Peak Road (Chinese: 山頂道) is a road in The Peak on Hong Kong Island, Hong Kong. It is the only road to travel from Victoria Gap to Wan Chai Gap on Hong Kong Island. The Peak Road is a two-lane two-way traffic, which can take buses, minibuses and other vehicles. The highest altitude is about 420 meters.

==Location==
The Peak Road starts west of The Peak Tower and The Peak Galleria, and east of The Peak Lookout, namely the junction of Harlech Road, Mount Austin Road, Lugard Road, Old Peak Road and Findlay Road, passing Plunkett's Road, Mount Kellett Road, Peel Rise, Peak Police Station, Craigmin Road, Barker Road and Magazine Gap Road, ending in the Hong Kong Police Museum in Wan Chai Gap, namely Wan Chai Gap Road, Stubbs Road, Black's Link, Middle Gap Road, Mount Cameron Road, Aberdeen Reservoir Road and Coombe Road.

==History==
The former Peak Road originally referred to the current Old Peak Road, and the current Peak Road belonged to Stubbs Road at that time and was opened to traffic in 1923. On 1 September 1960, the Peak Road, which originally connected Central and the Peak, was renamed the Old Peak Road, while the section of Stubbs Road, which connected Wan Chai Gap and the Peak, was renamed Peak Road.

===Landslides===
On 17 June 1983, a landslide occurred on the Peak Road under torrential rain, and collapsed a section of the road several dozen meters long. A taxi passing by the area rolled down the hillside. Fortunately, neither the driver nor the two passengers were injured. . The Peak Road was closed for a week afterwards.

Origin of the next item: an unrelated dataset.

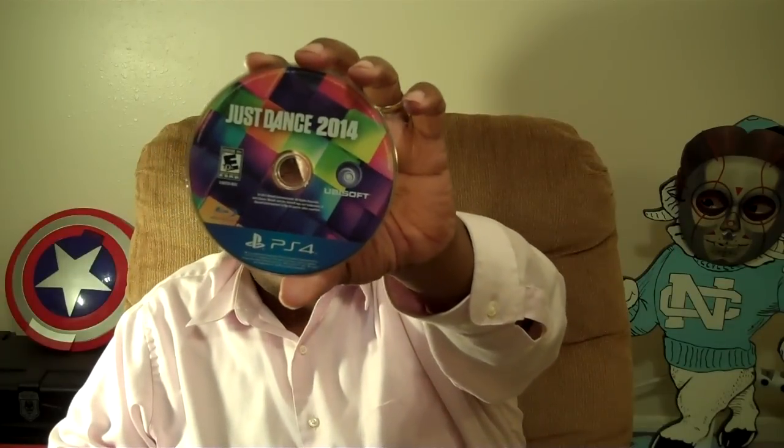And of course, I know y'all want to see the disc, right? And here you go. Now I would wear a shirt with this type of pattern on it — says the man that's wearing a pink shirt right now, right? It is not sticking in there, but that's okay.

On 5 November 2021, at the junction of Peak Road and Coombe Road, due to the burst of the fresh water pipe, a large amount of fresh water gushed out, causing a landslide on a slope of 30 meters by 100 meters. No one was injured. The measures, heavy vehicles can not travel, and buses were changed to single-deck, and maintained until 19 November. Fortunately, reinforcement works have been carried out at this location, so a lot of sand and mud rushed down the mountain when the incident occurred, and the road was still sound, and no casualties were caused.